Diceplots → Games → Dragon Age (AGE system)
Dragon Age (AGE system) probability math — exact rationals over 3d6 + stunt die
Green Ronin's AGE system resolves every test with
3d6 + ability + focus vs. TN and a stunt die that
fires Stunt Points on a successful test where any two of the
three dice match. The engine answers the canonical AGE
question — "what's my actual chance of triggering a stunt at
TN N with ability mod A and focus F?" — with exact rationals,
computed over the 216-outcome 3d6 sample space.
The recurring AGE questions, in one click each
The two questions every AGE GM and player asks. Each links to a worked-out concept pillar.
-
When does P(stunt) ≠ P(success) × P(doubles)?
The naive estimate is exactly right at TN=11 with no modifiers and wrong everywhere else, because doubles cluster on the modal sums of 3d6. TN=10 sits 1/72 below independence, TN=12 sits 1/72 above. Worked out with exact rationals.
-
What's E[SP | stunt]?
The answer isn't the unconditional stunt-die mean (3.5). It's
217/48 ≈ 4.52— the doubles condition biases the stunt die toward higher faces. Combat manoeuvre economy (which usually requires 2-4 SP) plays out very differently than the back-of-envelope assumption.
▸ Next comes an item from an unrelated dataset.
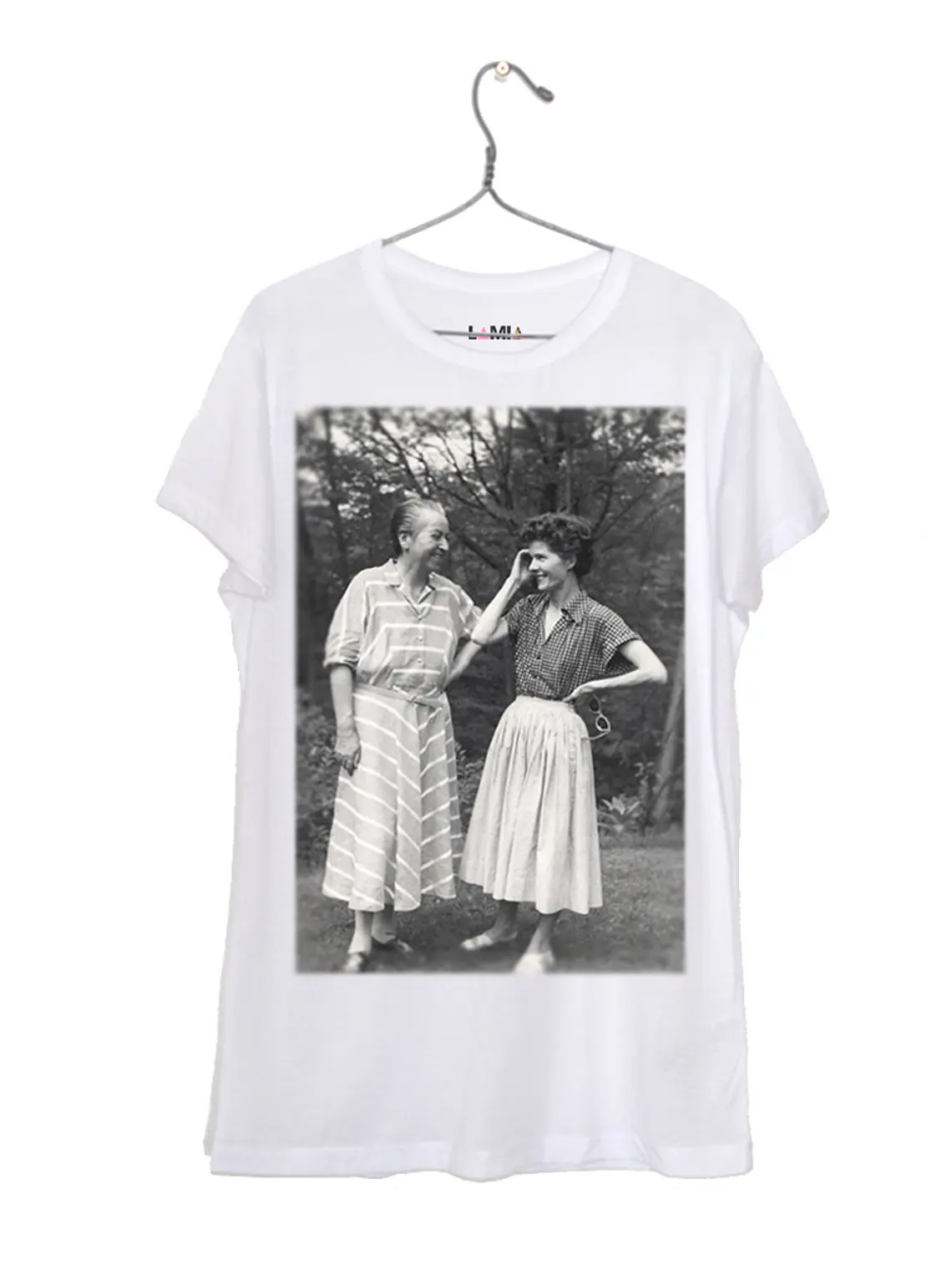 Gabriela Mistral y Doris Dana - Polera Niñe/a/o #1 1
The 3d6 + stunt-die mechanic
Every AGE test rolls three d6s — one designated as the stunt die (a different colour) — and adds the character's ability mod plus, when relevant, a focus modifier (typically +2 for trained skills):
roll = d6_1 + d6_2 + d6_stunt + ability_mod + focus_mod
Success: roll ≥ TN.
Stunt trigger: success
and
any two of the three dice show the same face. On a stunt, the
stunt die's face value becomes Stunt Points to spend on combat
manoeuvres (Lightning Attack, Knock Prone, Defensive Stance,
etc.) — each costs 1-6 SP and applies its effect.
The two-event conditional means
P(stunt) isn't separable into
P(success) × P(doubles) at most TN values. Doubles
configurations like (5, 5, b) have a different mean than
(1, 1, b), so the doubles distribution is centred tightly on
the modal sum (10-11). Picking a TN above 11 over-counts the
high-doubles families inside the success half; picking a TN
below 11 under-counts them.
Engine grammar
The 3d6 stunt analyzer is exposed as a direct API call rather than a strike URL — the inputs are integers (ability mod, focus mod, TN) rather than dice expressions:
{:ok, r} = Diceplots.Engine.analyze_3d6_test(ability_mod, focus_mod, tn)
# r.p_success → P(roll ≥ TN)
# r.p_doubles → P(any two of 3d6 match), unconditional
# r.p_stunt → P(success ∧ doubles)
# r.expected_sp_given_stunt → E[stunt die value | stunt fired]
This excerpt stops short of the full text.